A perspectiva de menor crescimento e juros cadentes nos EUA revigorou a busca por aplicações de maior rendimento. Nesse movimento, investidores vendem ativos denominados em dólar e compram papéis em outras moedas. Como resultado, o dólar se desvaloriza em relação às moedas de países que adotam o câmbio flutuante -concentrados na Europa e na América Latina. Os países asiáticos, contudo, persistem limitando drasticamente a flutuação de suas moedas com pesadas intervenções no câmbio.
A estratégia adotada pelas nações da Ásia, com a China e o Japão à frente, é a de assegurar taxas de câmbio relativamente desvalorizadas, favoráveis a suas exportações, e acumular grandes volumes de reservas internacionais. Ao manter o dinamismo de suas economias, impulsionam as exportações dos países produtores de commodities agrícolas, metálicas e energéticas.
Por sua vez, a desvalorização do dólar beneficia as exportações dos EUA para os países que não evitam a valorização de suas moedas. O movimento pode ajudar a compensar a retração econômica propiciada pela recessão no mercado imobiliário americano -aumentando a demanda por produtos "made in USA"-, mas pode, também, inibir a expansão da atividade na Europa. Uma desvalorização abrupta seria preocupante. Exigiria, provavelmente, um corte nas taxas de juros européias para freá-la.

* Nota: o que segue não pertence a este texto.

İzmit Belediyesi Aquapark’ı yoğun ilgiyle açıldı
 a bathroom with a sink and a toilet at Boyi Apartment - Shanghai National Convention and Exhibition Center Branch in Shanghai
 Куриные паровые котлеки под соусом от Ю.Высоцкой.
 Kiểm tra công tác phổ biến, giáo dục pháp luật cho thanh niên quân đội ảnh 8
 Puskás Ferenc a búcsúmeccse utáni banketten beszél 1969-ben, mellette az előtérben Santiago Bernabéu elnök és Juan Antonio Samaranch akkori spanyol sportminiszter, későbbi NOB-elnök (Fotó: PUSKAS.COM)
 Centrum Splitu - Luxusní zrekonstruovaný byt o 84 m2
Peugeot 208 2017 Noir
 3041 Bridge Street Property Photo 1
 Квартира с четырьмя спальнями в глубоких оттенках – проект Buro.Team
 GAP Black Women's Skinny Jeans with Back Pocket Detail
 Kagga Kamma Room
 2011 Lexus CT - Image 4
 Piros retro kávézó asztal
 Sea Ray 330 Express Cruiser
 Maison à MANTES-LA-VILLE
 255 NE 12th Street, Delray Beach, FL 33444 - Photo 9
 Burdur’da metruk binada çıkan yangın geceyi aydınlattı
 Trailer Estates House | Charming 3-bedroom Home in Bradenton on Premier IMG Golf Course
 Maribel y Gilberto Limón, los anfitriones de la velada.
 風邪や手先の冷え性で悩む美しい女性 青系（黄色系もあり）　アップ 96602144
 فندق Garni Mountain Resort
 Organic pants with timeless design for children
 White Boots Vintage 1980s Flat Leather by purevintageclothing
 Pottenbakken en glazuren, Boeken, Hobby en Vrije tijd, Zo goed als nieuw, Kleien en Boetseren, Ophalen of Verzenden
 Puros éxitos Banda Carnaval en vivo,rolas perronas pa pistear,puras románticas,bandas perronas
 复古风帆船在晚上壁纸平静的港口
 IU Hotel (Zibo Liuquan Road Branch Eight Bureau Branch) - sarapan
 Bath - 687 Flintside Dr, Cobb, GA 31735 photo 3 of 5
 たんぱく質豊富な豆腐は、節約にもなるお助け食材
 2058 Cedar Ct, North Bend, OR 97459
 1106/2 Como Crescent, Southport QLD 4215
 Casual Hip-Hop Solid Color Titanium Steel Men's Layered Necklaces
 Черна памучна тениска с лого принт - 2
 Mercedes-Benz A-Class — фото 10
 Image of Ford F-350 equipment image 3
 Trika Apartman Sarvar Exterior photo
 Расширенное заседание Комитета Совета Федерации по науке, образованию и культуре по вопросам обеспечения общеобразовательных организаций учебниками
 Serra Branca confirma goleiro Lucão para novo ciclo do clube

No Brasil, a pressão pela valorização do real já foi revigorada. Ontem a cotação do dólar (US$ 1,81) bateu um novo recorde de baixa. Em setembro, o dólar caiu 6,6%. Por um lado, os preços elevados das commodities -catapultados pelo dínamo asiático- mantêm elevado o superávit comercial brasileiro. Por outro, a busca por rendimentos mais polpudos amplia a entrada de capitais no Brasil -"expulsos" pelos juros cadentes do Fed.
Somadas, a tendência de redução dos juros americanos e a de estagnação da Selic (implícita na última ata do Copom) propiciarão uma avalanche ainda maior de dólares em busca de papéis brasileiros. E isso sem contar com a possibilidade, concreta, de o mercado financeiro do Brasil tornar-se, mais cedo do que se prevê, oficialmente aberto para aplicações dos portentosos fundos de pensão americanos.